Of cours, if you´re interested that is
Short about me:
I´m an electrician and have been for 10 years, in addition to that job I started my own one-man-company where I in the evening makes electrical drawings, fire and escape -plans etc. in AutoCAD for different customers.
I´ve done some 3D in the past(3ds Max at the time) but never really got serious, the only work that was ever used was a cd-cover I made and an overview of my apartment wich was a part of the ads when I sold it.
I had tried Blender before, but I guess it was pre-2.49, cause then all the buttons was at the bottom.

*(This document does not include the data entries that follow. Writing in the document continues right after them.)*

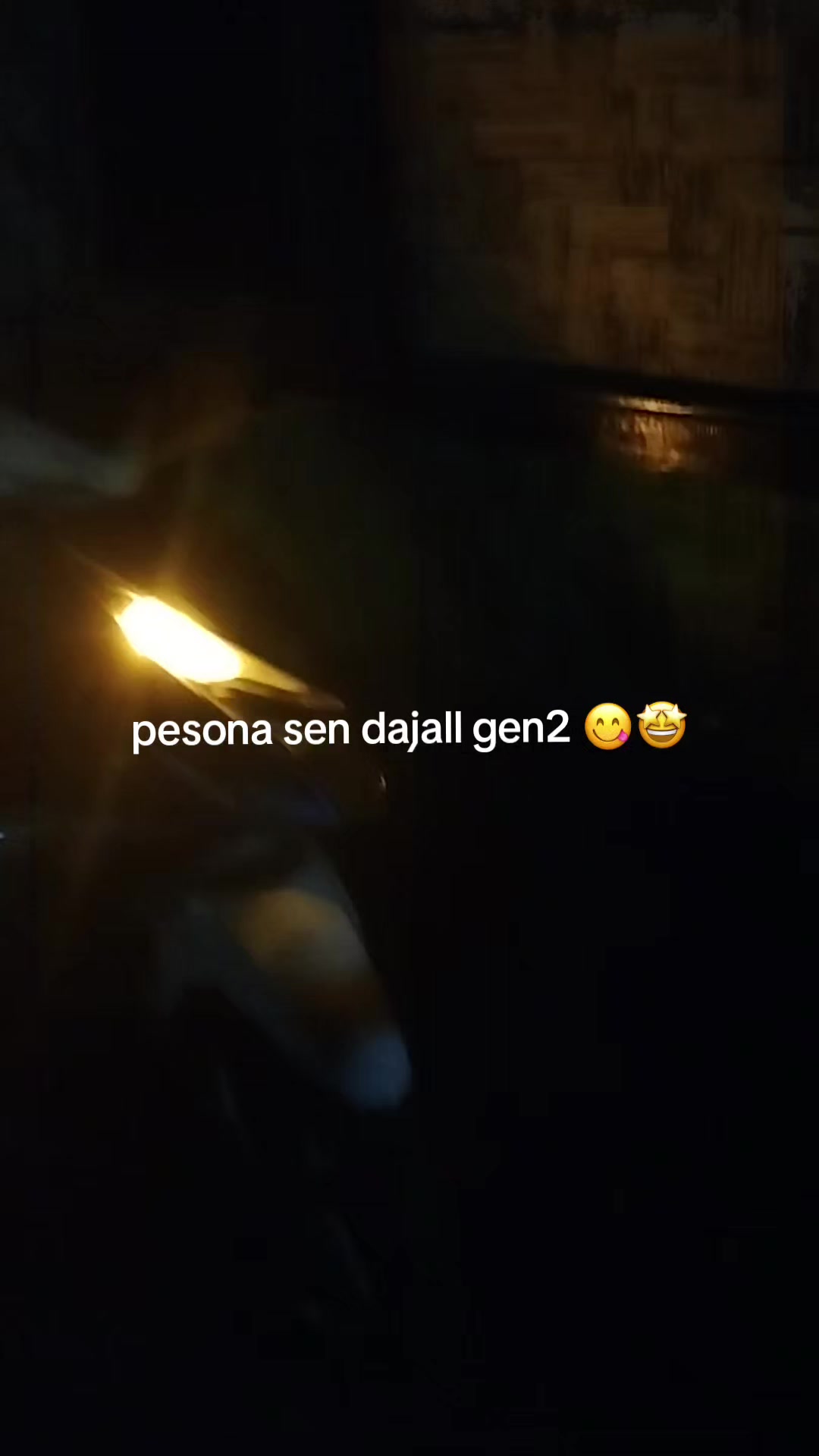 @8 juni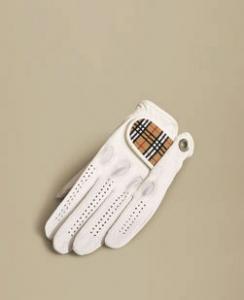post-1700-1266370078_thumb.jpg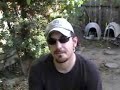 2007 Fresno Wiffleball: FICE CUP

Could´t figure out anything, ended up uninstalling it.
A couple of my older colleagues is taking a higher education within electrical works of some sorts and asked if I could do some 2D drawings for some essay or something they were working on, wich were gonna show the class how to solve a certain challenge, exchanging two old wheel-switches for some modern electrical remote-controlled switches with arc-flash-protection system to protect equipement and any persons close by from damages from the explosions in case of a short-circuit.
I had just started fiddling with Blender again at the time and suggested we could test out the 3D world instead, so I went to start on this heavy uphill battle of a learning curve to learn modelling, texturing, node-editor, Cycles, animations… it´s a huge thing I suggested for them, but it´s starting to look like something, apart from just learning Blender itself, you spend a lot of time solving small things like this, I made coloured lines to show where cables go, and they asked if I could make a dashed line… simple things often take a long time to figure out, but thanks to you guys, not much research was done.
A lot in this scene could be better, but even at this level, the guys are gonna deliver a presentation wich is way above all the other students´ presentations when it comes to visualising how they plan to solve the challenge, so they´re super happy with the results.
I´m not satisfied with the shaders and such at the moment, but I probably have to leave it because of time limits, and also, people who´s not used to CG think it´s awesome and photo realistic, but for us who´s used to CG, it´s got along road ahead before it can be mistaken for a real photo
I still have the animation part left wich has a heavy learning curve as well, so there´s probably gonna pop up some posts in here about that too
Will post a couple of pictures from the real deal and some test-renders and an early test-animation.
The test-render was rendered at SheepIt, but some of the decals on the cabinets disappears in some frames, dunno why really.
Also render times is one of my problems, if the projects end up with 1000 frames or more it´s gonna take a while to render out.